— Problem statement —
Repeat exactly the lines of the records below, starting at the line containing "kitchen featuring hardwood" and ending at the line containing "신선한 채소와 전복이 들어간 한국 비빔밥을 젓가락으로 섞는 모습". Leave the pictures out.

— Source material —
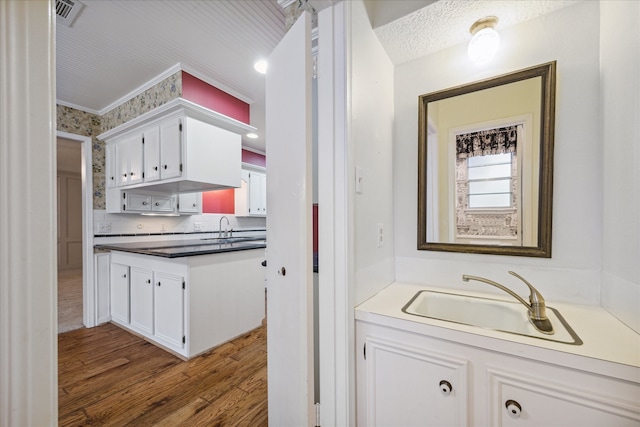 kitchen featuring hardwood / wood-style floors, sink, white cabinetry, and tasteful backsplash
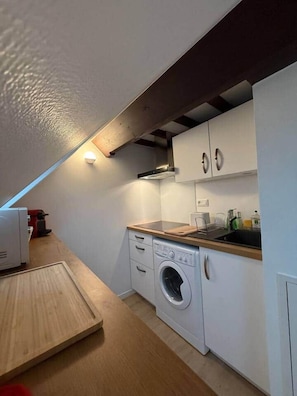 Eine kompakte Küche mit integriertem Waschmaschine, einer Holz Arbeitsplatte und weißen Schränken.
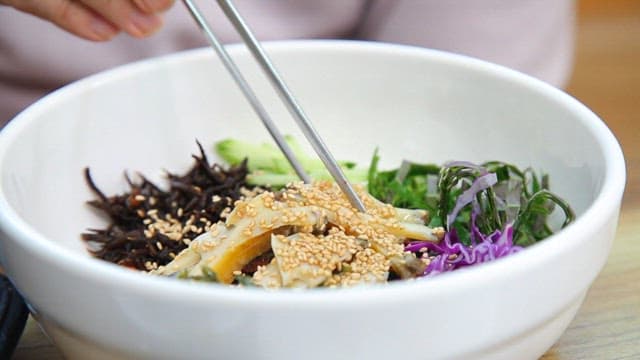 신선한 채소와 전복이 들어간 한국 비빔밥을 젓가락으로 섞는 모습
...
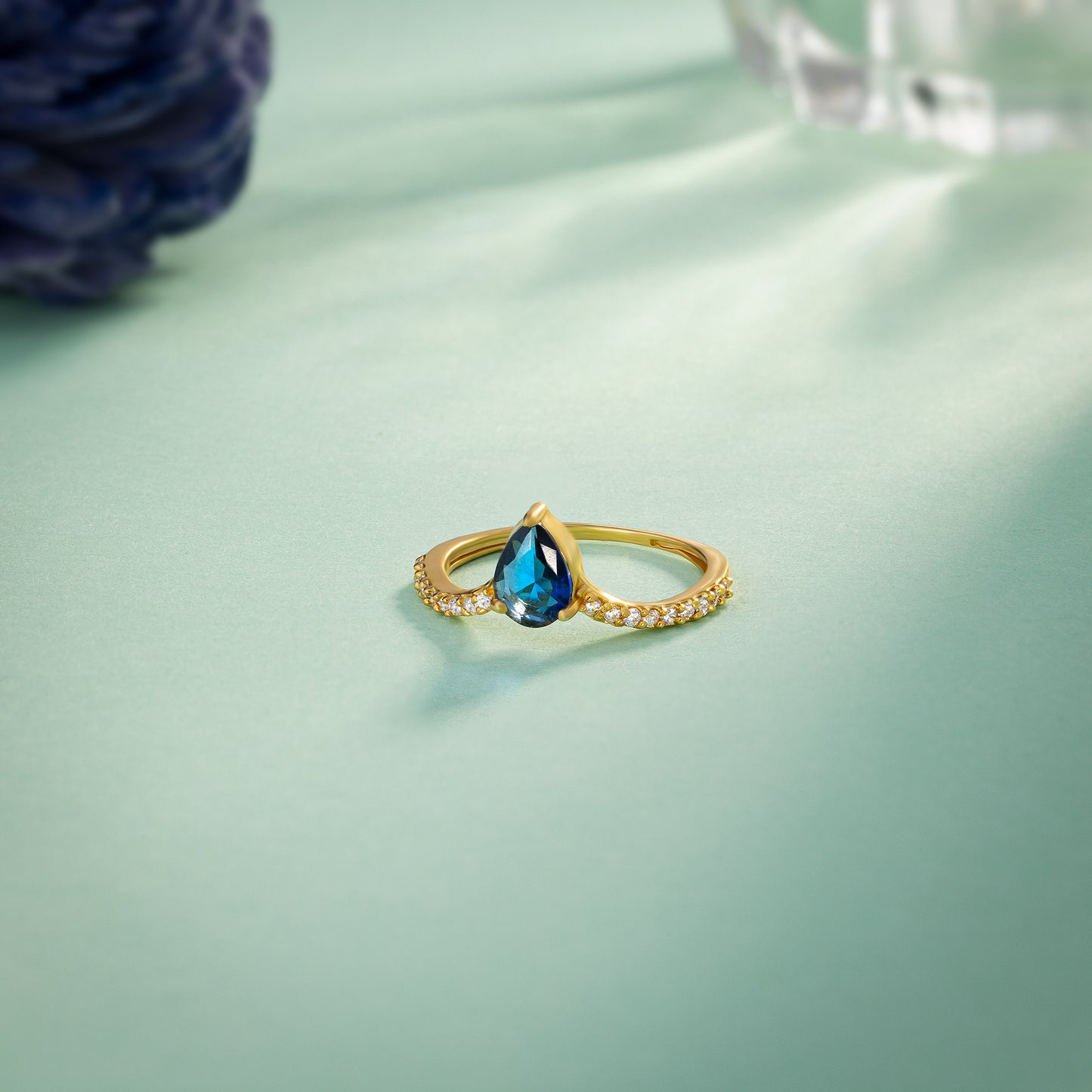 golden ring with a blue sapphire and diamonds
* * *
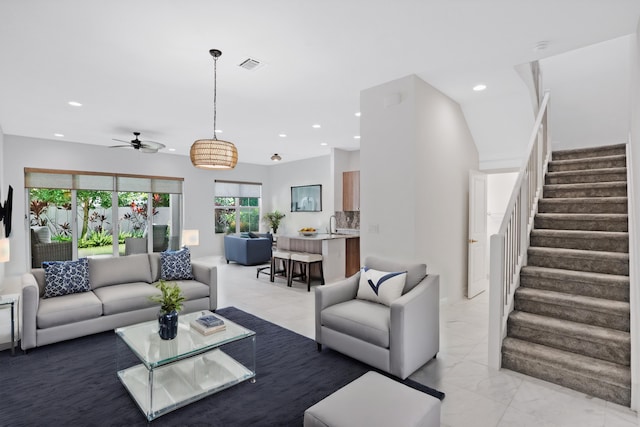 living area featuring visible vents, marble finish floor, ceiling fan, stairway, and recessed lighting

— Output —
 kitchen featuring hardwood / wood-style floors, sink, white cabinetry, and tasteful backsplash
 Eine kompakte Küche mit integriertem Waschmaschine, einer Holz Arbeitsplatte und weißen Schränken.
 신선한 채소와 전복이 들어간 한국 비빔밥을 젓가락으로 섞는 모습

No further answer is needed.